DELİLLERİN DEĞERLENDİRİLMESİ VE GEREKÇE :
İstinaf kanun yolu başvurusuna konu edilen karar hakkında; HMK’nın 355.maddesindeki düzenleme uyarınca, istinaf dilekçesinde belirtilen nedenler ve kamu düzenine ilişkin aykırılık bulunup bulunmadığı yönü gözetilerek yapılan inceleme sonucunda;
Dava, taraflar arasında düzenlenen ve konusu … Konutları Teknik Alt Yapı Tesisi İnşaatı işine ait sözleşme sebebiyle davalı iş sahibine verilen … ve Türkiye …bank’a ait 13 adet kesin ve süresiz banka teminat mektubunun taraflar arasındaki işin kesin kabulünün 06-08/07/2004 tarihinde yapılmış olduğu ve sözleşme konusu teminat mektuplarının bu tarihte davacı yükleniciye iade edilmesi gerekirken edilmemesi ve son olarak 21/07/2017 tarihinde davacıya iade edilmiş olması sebebiyle teminat mektuplarının serbest bırakılması gereken 06-08/07/2004 tarihinden itibaren dava konusu teminat mektupları için davacı şirket tarafından ödenen tüm banka, masraf, komisyon, faiz ve diğer ödemelere istinaden fazlaya ilişkin haklar saklı tutularak şimdilik 300.000,00 TL’nin ödeme tarihlerinden itibaren işleyecek ticari temerrüt faiziyle birlikte davalıdan tahsili, yine davacının uğradığı manevi zararlara karşılık 1.000.000,00 TL manevi tazminatın 06-08/07/2004 tarihinden itibaren işleyecek ticari temerrüt faiziyle birlikte davalıdan tahsili isteğine ilişkindir.

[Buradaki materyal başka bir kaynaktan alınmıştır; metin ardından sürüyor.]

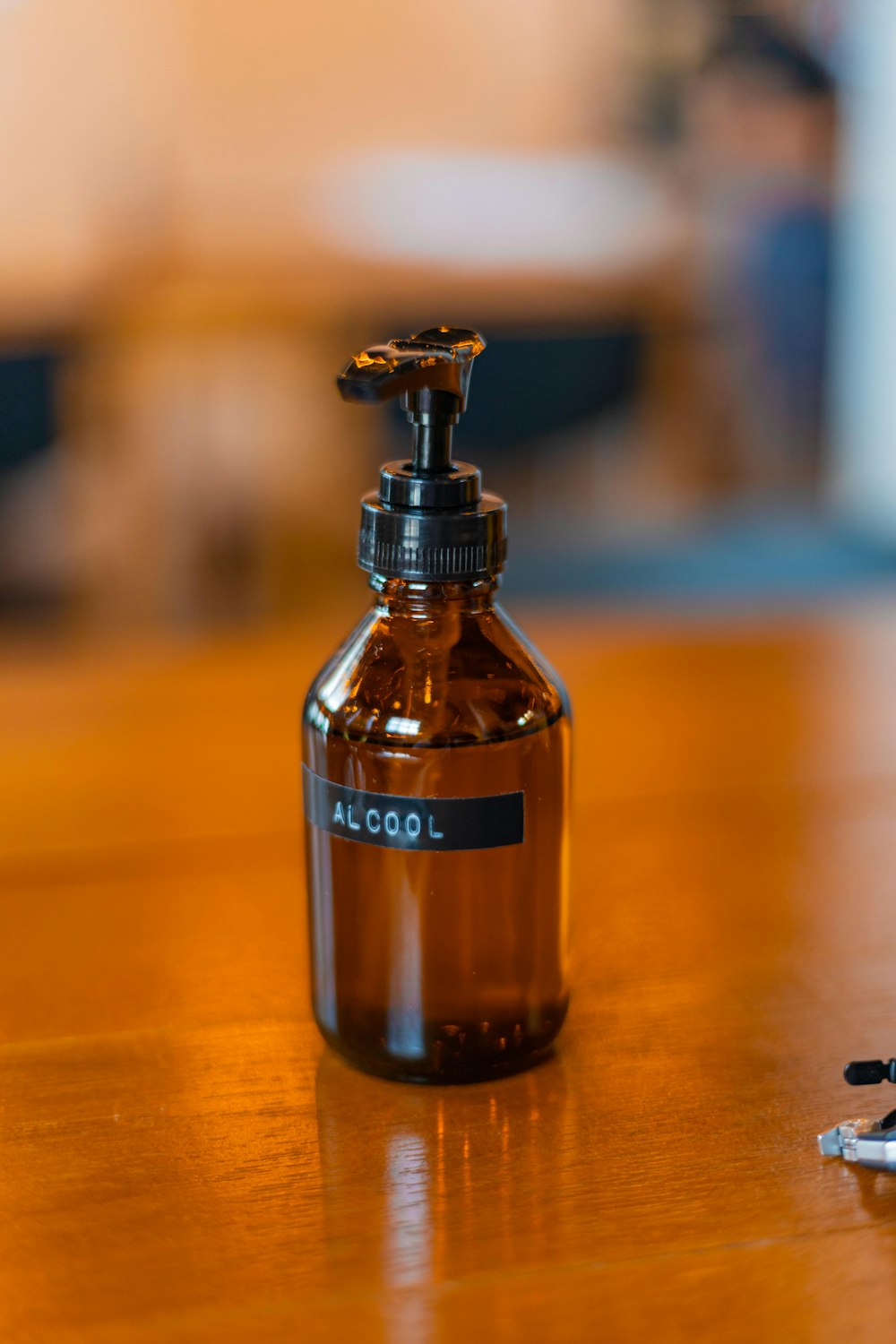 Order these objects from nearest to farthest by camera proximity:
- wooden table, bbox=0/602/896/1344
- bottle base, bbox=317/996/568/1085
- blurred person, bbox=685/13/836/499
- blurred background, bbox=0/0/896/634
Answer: wooden table, bbox=0/602/896/1344
bottle base, bbox=317/996/568/1085
blurred background, bbox=0/0/896/634
blurred person, bbox=685/13/836/499

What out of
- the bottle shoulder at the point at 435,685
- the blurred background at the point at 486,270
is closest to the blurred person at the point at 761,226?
the blurred background at the point at 486,270

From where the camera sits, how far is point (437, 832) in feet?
1.69

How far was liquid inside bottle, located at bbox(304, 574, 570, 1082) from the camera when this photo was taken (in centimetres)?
52

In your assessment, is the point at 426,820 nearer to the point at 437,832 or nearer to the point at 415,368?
the point at 437,832

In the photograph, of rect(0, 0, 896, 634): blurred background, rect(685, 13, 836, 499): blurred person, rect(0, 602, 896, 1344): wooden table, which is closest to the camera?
rect(0, 602, 896, 1344): wooden table

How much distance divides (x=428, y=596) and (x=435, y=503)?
0.04m

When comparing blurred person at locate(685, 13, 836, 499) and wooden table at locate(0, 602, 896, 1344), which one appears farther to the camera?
blurred person at locate(685, 13, 836, 499)

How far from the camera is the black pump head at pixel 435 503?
→ 494 millimetres

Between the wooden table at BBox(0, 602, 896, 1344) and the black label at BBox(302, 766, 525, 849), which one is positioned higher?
the black label at BBox(302, 766, 525, 849)

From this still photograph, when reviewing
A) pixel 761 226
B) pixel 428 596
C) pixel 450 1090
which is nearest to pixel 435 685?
pixel 428 596

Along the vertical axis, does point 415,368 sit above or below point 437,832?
above

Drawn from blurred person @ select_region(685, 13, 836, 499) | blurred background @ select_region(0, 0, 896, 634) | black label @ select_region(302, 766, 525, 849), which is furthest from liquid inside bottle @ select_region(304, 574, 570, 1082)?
blurred person @ select_region(685, 13, 836, 499)

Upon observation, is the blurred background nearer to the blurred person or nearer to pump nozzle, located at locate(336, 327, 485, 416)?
the blurred person

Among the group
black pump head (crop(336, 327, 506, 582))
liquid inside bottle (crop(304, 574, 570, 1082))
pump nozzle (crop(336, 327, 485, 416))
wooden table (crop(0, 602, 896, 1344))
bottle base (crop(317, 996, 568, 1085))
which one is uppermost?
pump nozzle (crop(336, 327, 485, 416))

Davalı vekili tarafından verilen cevap dilekçesinde, davacının tüm taleplerinin zamanaşımına uğradığından öncelikle davanın zamanaşımı yönünden reddine karar verilmesini talep ettiklerini, bu talepleri yerinde görülmeyecek olursa yukarıda ayrıntıları belirtilen sebeplerle davanın esas yönünden de reddi gerektiğini belirterek bu haksız ve hukuki dayanaktan yoksun davanın reddine karar verilmesi isteğinde bulunmuştur.
Mahkemece yapılan yargılama sonucunda davalının zamanaşımı def’inin hüküm kısmında reddine karar verildiği belirtildikten sonra davacının manevi tazminat isteminin, davacı tarafça kişilik haklarının hukuka aykırı ve haksız bir şekilde saldırıya uğradığı iddiasının kanıtlanamaması sebebiyle reddine, komisyon ve diğer giderlere ilişkin alacak davasının ise kısmen kabulü ile 125.906,66 TL alacağın 22/07/2020 dava tarihinden itibaren işleyecek avans faiziyle birlikte davalıdan tahsili ile davacıya verilmesine, davacının fazlaya ilişkin alacak talebinin ise reddine karar verilmiş, bu karara karşı taraf vekillerinin yukarıda belirtilen gerekçelerle istinaf yoluna başvurdukları anlaşılmıştır.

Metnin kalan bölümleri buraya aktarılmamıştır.